Ippolito’s apartments were at the back of the palace, away from the noisy clatter of the street. The rooms looked out over the garden and faced north, cool in summer and furnished with elegant fire-places for winter. The suite consisted of five rooms and there were no corridors. Each room opened directly into the next and, though they were smaller than the reception halls, they were just as lavishly decorated. Like the halls, they were hung with tapestries.
It is difficult to be certain of the exact size of the rooms in Ippolito’s apartments since this part of the building has been considerably altered since he lived there, but the quantity of new glass windows he installed gives us a rough guide. The first room, and the most public, was his private drawing-room, which had four windows overlooking the garden. The next room was the antechamber, which had only two windows. It was also the only room without an elaborate painted ceiling and contained instead nine painted panels (sadly Fiorini did not record their subjects), four of which had been done by Jacomo Panizato before he took up employment in the stables. The third room, Ippolito’s bedroom, had three windows, and off it lay the camerino, a small room with only one window (and a windowless bathroom beyond). Finally there was his study, or studiolo, a room with two windows where Ippolito stored and displayed his collection of valuables.
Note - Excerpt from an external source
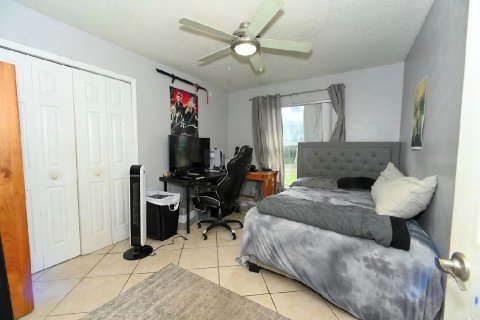 House in West Palm Beach, Florida 4 bedrooms, 186.08 sq.m. № 2263915 - photo 25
Rooms of the period were sparsely furnished by our standards. Ippolito’s inventory lists just two armchairs, one of which was covered in white leather. Most of the seating furniture was light and portable. There were plain wooden benches, which were covered with tapestry cushions decorated with greenery and animals. Many of the rooms had tables, some covered with valuable Eastern carpets and rugs, and all the fireplaces were furnished with fire irons and wooden bellows, though only one fire screen was listed in the inventory. The principal ornaments in each of the rooms were large carved wooden chests which were used for storing clothes, linen and other goods. Ippolito owned twenty-nine in all, most of them made of walnut and many equipped with heavy locks. Fiorini had bought several of these in Venice, and others had been ordered from cabinet-makers in Milan ‘in the French style’. One particularly grand walnut chest, which had drawers for displaying his collection of medals, had been a present from his father. A small cypress wood box in which he kept his handkerchiefs and nightcaps had been a present from his sister Eleonora, Abbess of the convent of Corpus Domini. There were also two painted cupboards, one of which was in the camerino and contained his library, a rather grand description for the ninety-nine books he owned.
In striking contrast to his scanty collection of furniture, Ippolito had amassed a princely collection of precious objets. He owned carved crystal reliefs, carved crystal cups, two astrological globes, pieces of coral, an ivory sundial, two mirrors of polished steel, fifteen antique bronze statues including one of a satyr which had been made into a lamp, and over 300 medals and coins. One of the medals, in gold and enamel, had been made in 1531 by the goldsmith Giovanni da Castel Bolognese and was inscribed with a bear. The bear was the symbol of the early Christian martyr St Euphemia and of Callisto, the nymph seduced by Jupiter and turned into a bear by Diana for abandoning her vow of chastity. It was also widely used as a symbol of gluttony.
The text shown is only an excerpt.